Output must consist only of the lines of the material below from the one with "Schülerschreibtisch Moll" through the one with "Swims Davos Parka, W's", each reproduced exactly; no pictures belong in it.

__RECORDS SHOWN__.
***

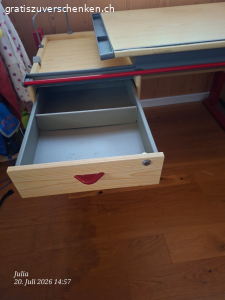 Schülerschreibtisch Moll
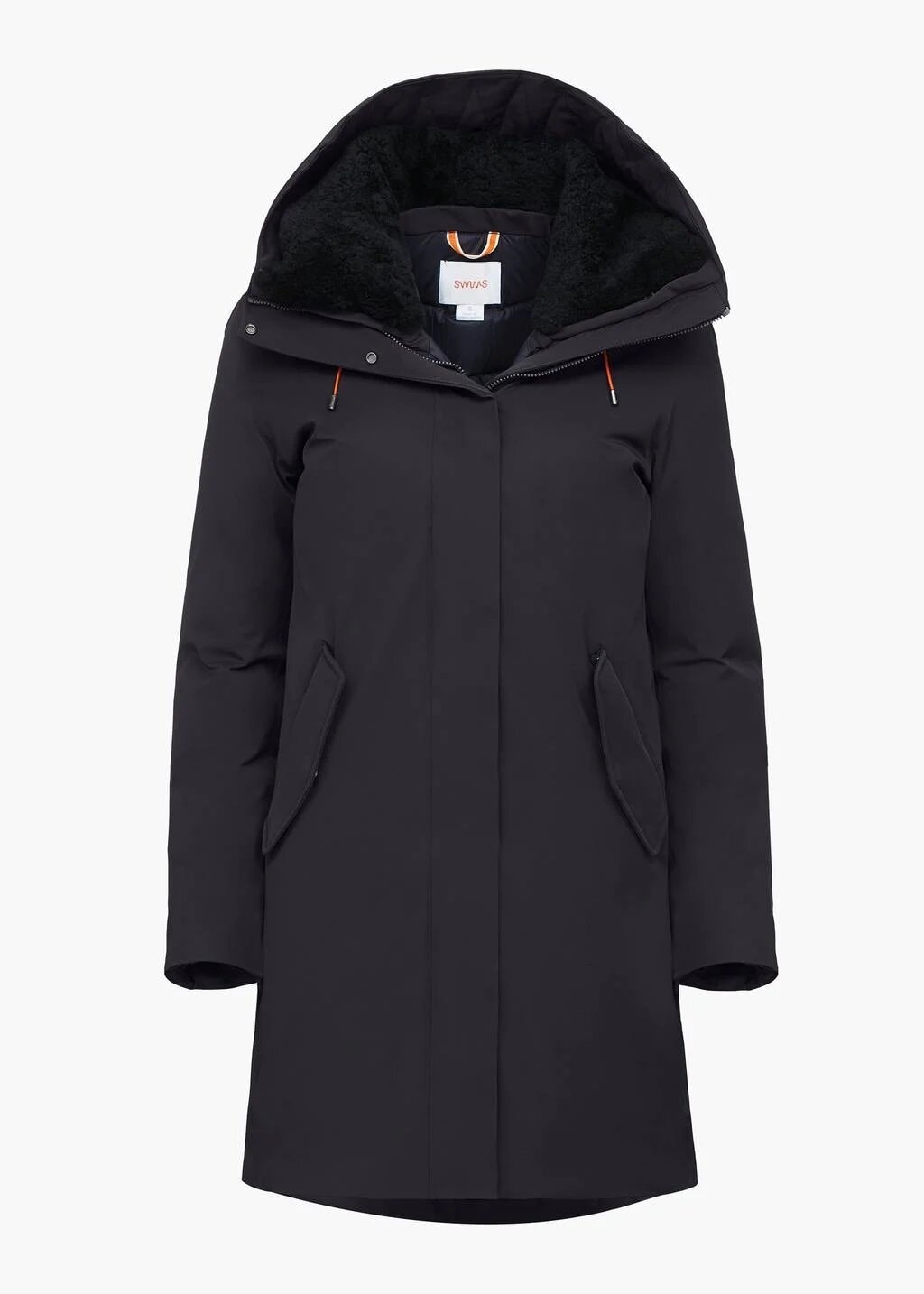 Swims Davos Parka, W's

***

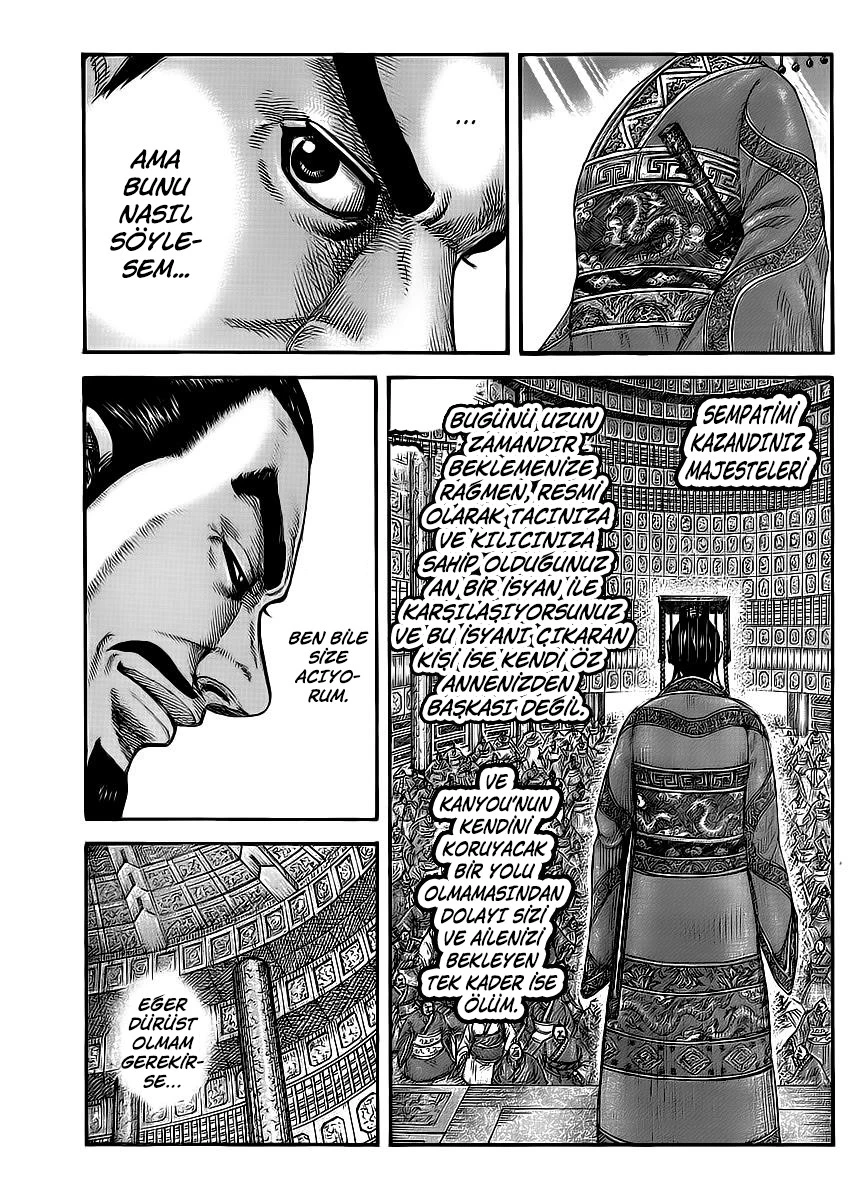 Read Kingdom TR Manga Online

***

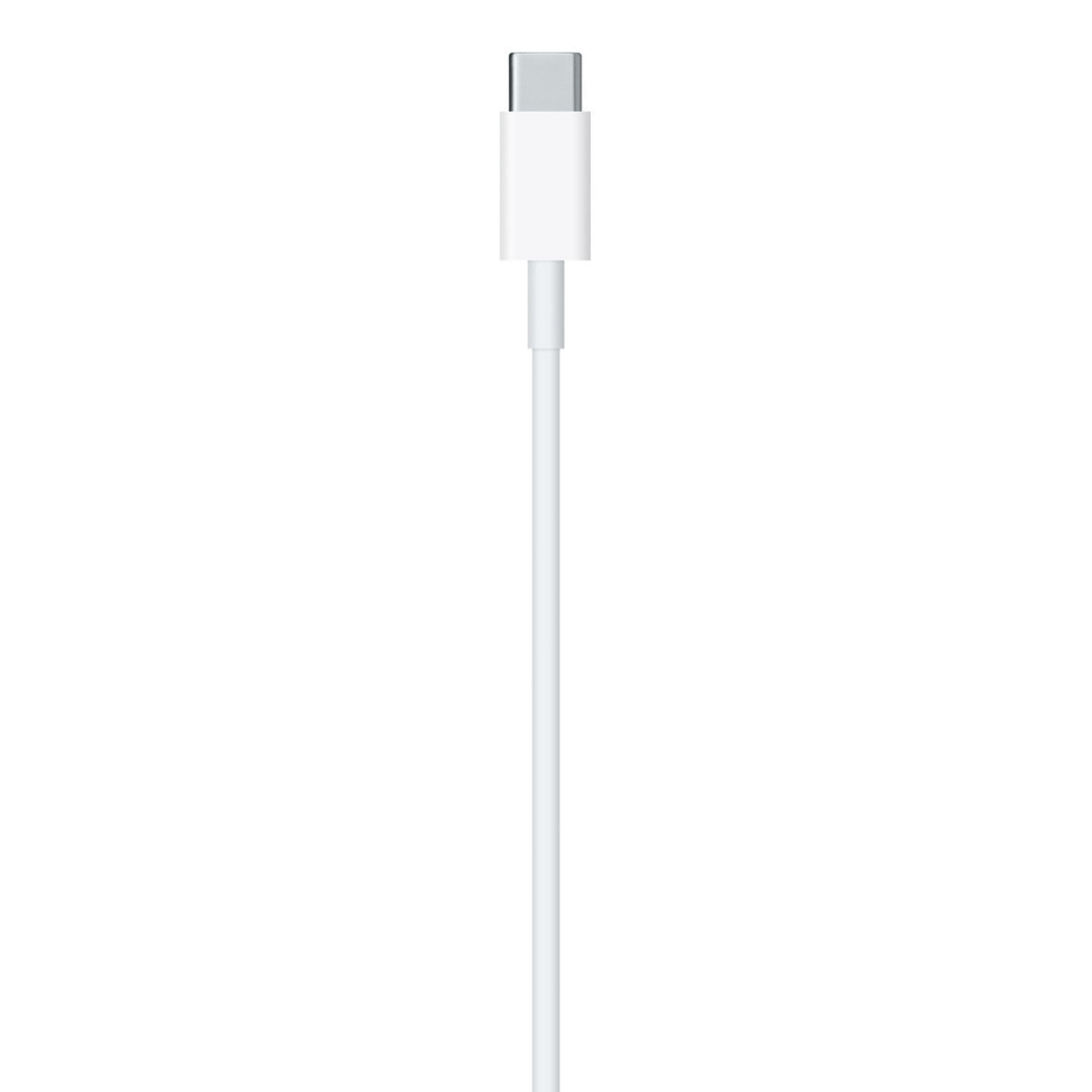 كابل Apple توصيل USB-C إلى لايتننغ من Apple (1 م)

***

__SOLUTION TO THIS TASK__.
 Schülerschreibtisch Moll
 Swims Davos Parka, W's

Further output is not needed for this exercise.